■ Action item ■
Everything in the listing below should be repeated exactly, apart from the pictures.

■ Collected material ■
******

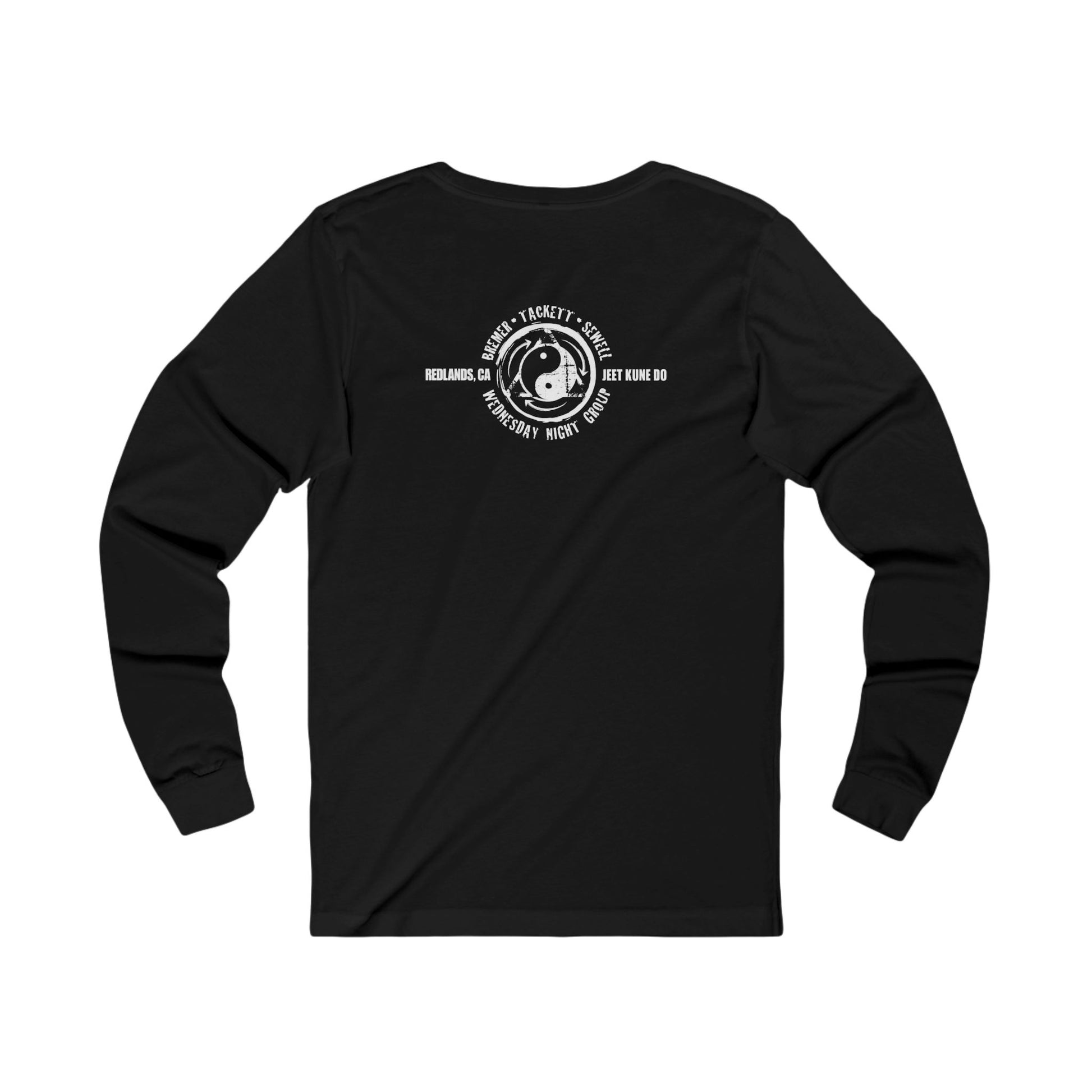 Back view of a black cotton, long sleeve t-shirt, with the JKD Wednesday Night Group logo printed on the upper back area.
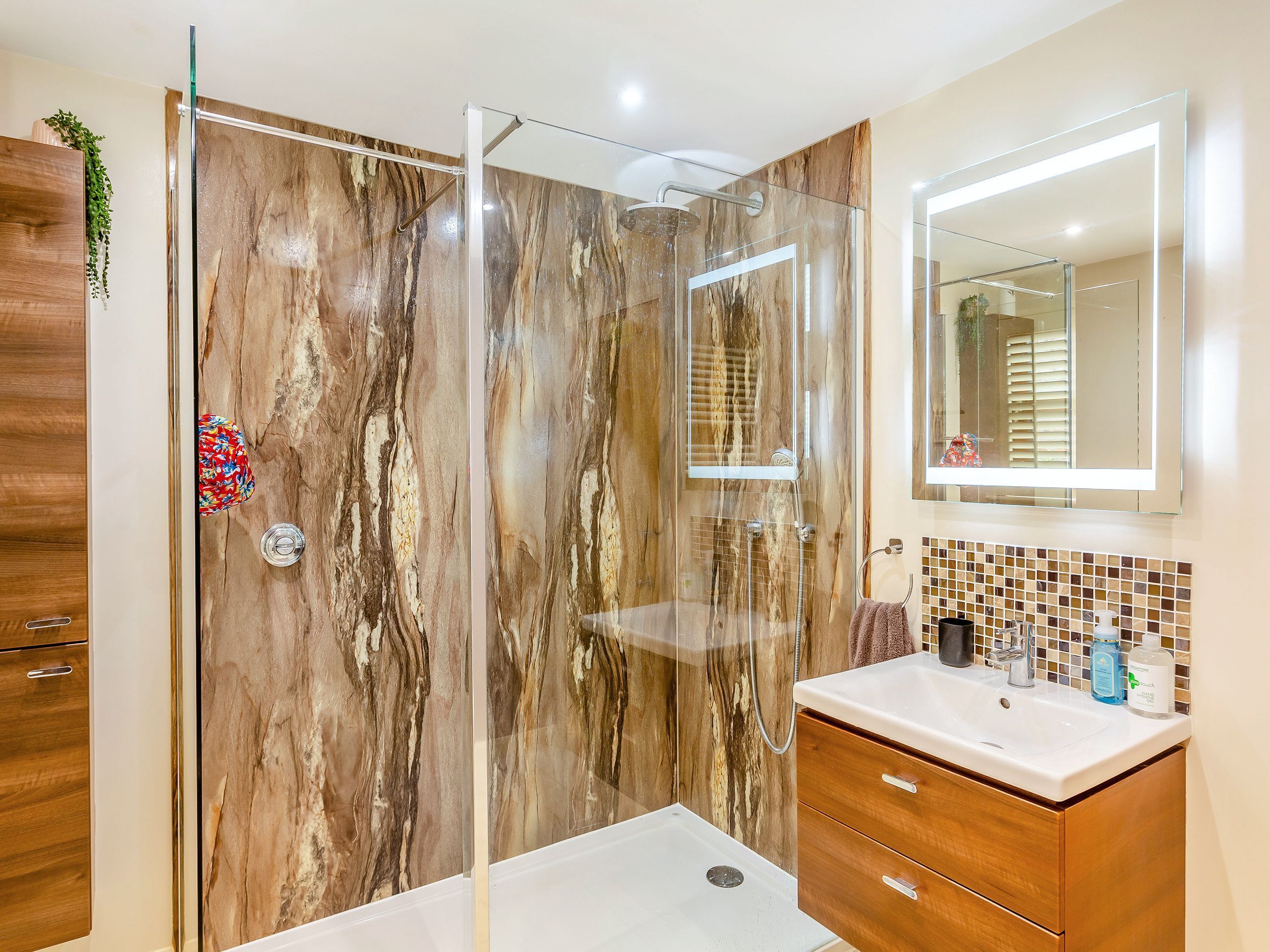 A modern bathroom with a glass-enclosed shower, a wooden vanity, and a large mirror.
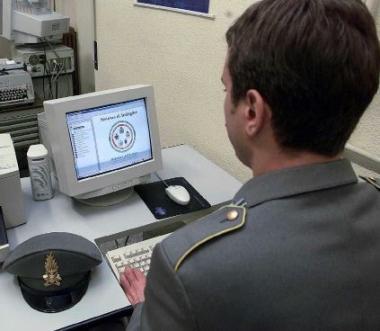 La sede dellAgenzia delle Entrate e pi&ugrave; a sinistra un finanziere lavora al computer 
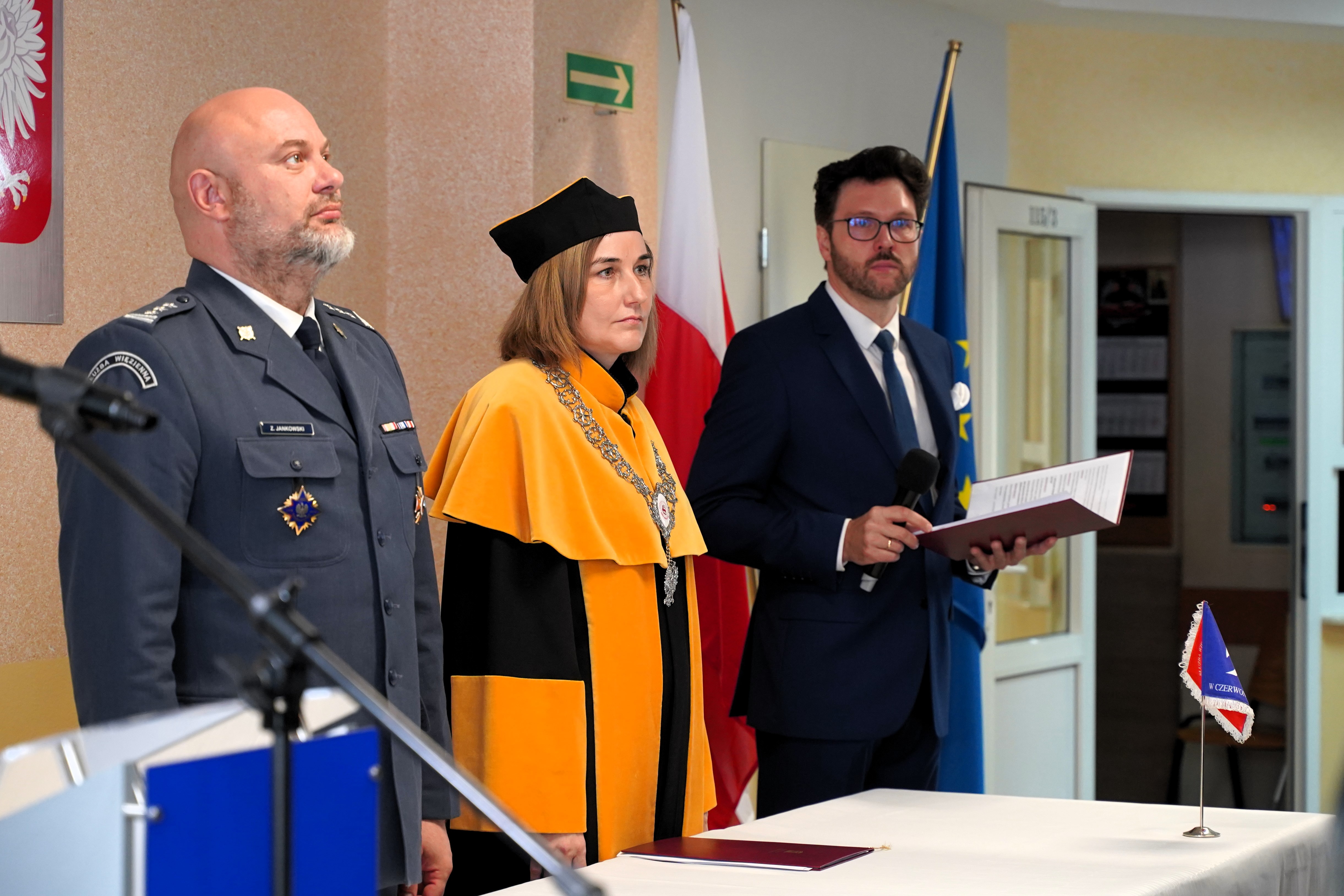 Trzy osoby stoją przy stole podczas uroczystości, na tle flag Polski i Unii Europejskiej oraz symboli państwowych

******

■ Solved exercise ■
 Back view of a black cotton, long sleeve t-shirt, with the JKD Wednesday Night Group logo printed on the upper back area.
 A modern bathroom with a glass-enclosed shower, a wooden vanity, and a large mirror.
 La sede dellAgenzia delle Entrate e pi&ugrave; a sinistra un finanziere lavora al computer 
 Trzy osoby stoją przy stole podczas uroczystości, na tle flag Polski i Unii Europejskiej oraz symboli państwowych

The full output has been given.